Unas semanas después volví a encontrarme a esta distinguida dama, de nuevo en el 150. Yo solía sentarme adelante y charlar con el colectivero, un tipo conversador, bocón y mujeriego; pero sin pagar el boleto. Entonces la doña se sentó a mi lado, y se entrometió descaradamente en la conversación, como quien hace mucho que no habla con nadie y necesita desesperadamente contacto humano. Conservaba un deformado tono español, y para mi sorpresa y alivio, puesto que estaba intrigada, me contó su historia.

Me contó que era parte de la aristocracia madrileña, había vivido en una casona cerca de los teatros de la Gran Vía y estaba casada con un honorable señor de alta alcurnia, que casualmente había sido compañero de Franco en su entrenamiento militar.

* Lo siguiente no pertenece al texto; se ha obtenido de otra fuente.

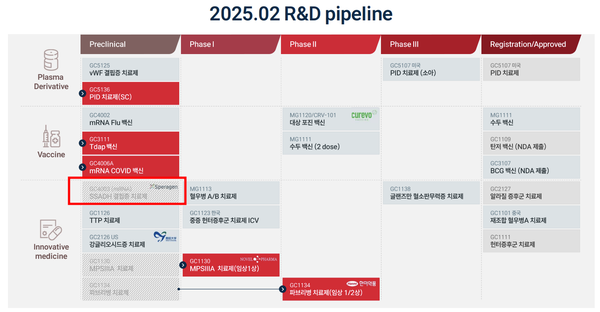 2월 기준 GC녹십자 파이프라인. 스페라젠과 공동개발하던 SSADHD 치료제의 개발이 중단됐다. 자료/GC녹십자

Como eran grandes amigos, el generalísimo le regaló cientos de hectáreas en La Pampa. Entonces a fines de los sesenta, la clase alta española pasó a la clase alta argentina, en una bonita casona casi mansión en Recoleta. Mencionó que había ido de vacaciones a París, todavía noviando, y encargó su retrato de compromiso a Henri Cartier-Bresson. Al oír eso mis ojos se abrieron como platos, ¡lo que hubiera dado yo por conocer al padre del fotoperiodismo! Pero el tiempo me apremiaba y tuve que bajarme del 150 y del pasado de la señora. Noté mientras caminaba hacia la puerta, que seguía hablando al aire como si yo siguiera allí sentada, como si nunca le hubiera dado los buenos días, despidiéndome.

Pobre, estaba un poco loca la señora, pensé. Supuse que su historia sería verídica, pero ella seguía allí sin notar que Callao no era la Gran Vía, que el colectivo no era su Rolls Royce, que su familia se había marchado mucho tiempo atrás, y que ella ya no era ella. Debía haber sido muy linda, pero ahora se trataba de un espectáculo tragicómico ambulante. Su maquillaje era -no encuentro otra palabra y podría parecer despectiva- grotesco: la base de color mandarina adicionada con un delineador que había quedado muy lejos de los ojos y un rouge demasiado lejos de los labios. El cabello era de un negro profundísimo, un color imposible en la naturaleza, pero con evidentes raíces blancas y algunos agujeros faltos de hebras. El tapado de visón tenía el mismo problema que el cabello, los agujeros de la miseria y soledad no podían disimularse.

Se había quedado a vivir en España, en 1968, en esa casona de la Gran Vía con sus tapados de piel y su marido siempre con frac de Armani. Supongo que es lo que puede darte la extrema miseria, no sólo económica sino además física y espiritual. Sola hasta la locura no pudo parar de refugiarse en sus lejanos años felices. Y hasta podía verse en sus ojos esa joven rica que había crecido al lado del fascismo y lo celebraba mientras se sentaba a la mesa con Franco a beber vino mendocino; cuya única tarea era ser una esposa de adorno.

Otra vez la vi hablando con el fantasma de su marido en una esquina de Rodriguez Peña. No valía la pena preguntarle cómo había perdido todo, ella no tenía idea de quien era yo, o de dónde había salido. Suspiré y tomé apresurada el colectivo. Meses después la vi por última vez, yo iba en el 28 hacia Plaza de Mayo, y pude ver cuando cruzaba el umbral de su lujosa mansión de antaño: una pensión de mala muerte en Lima y Brasil, hundida en los mares de Constitución.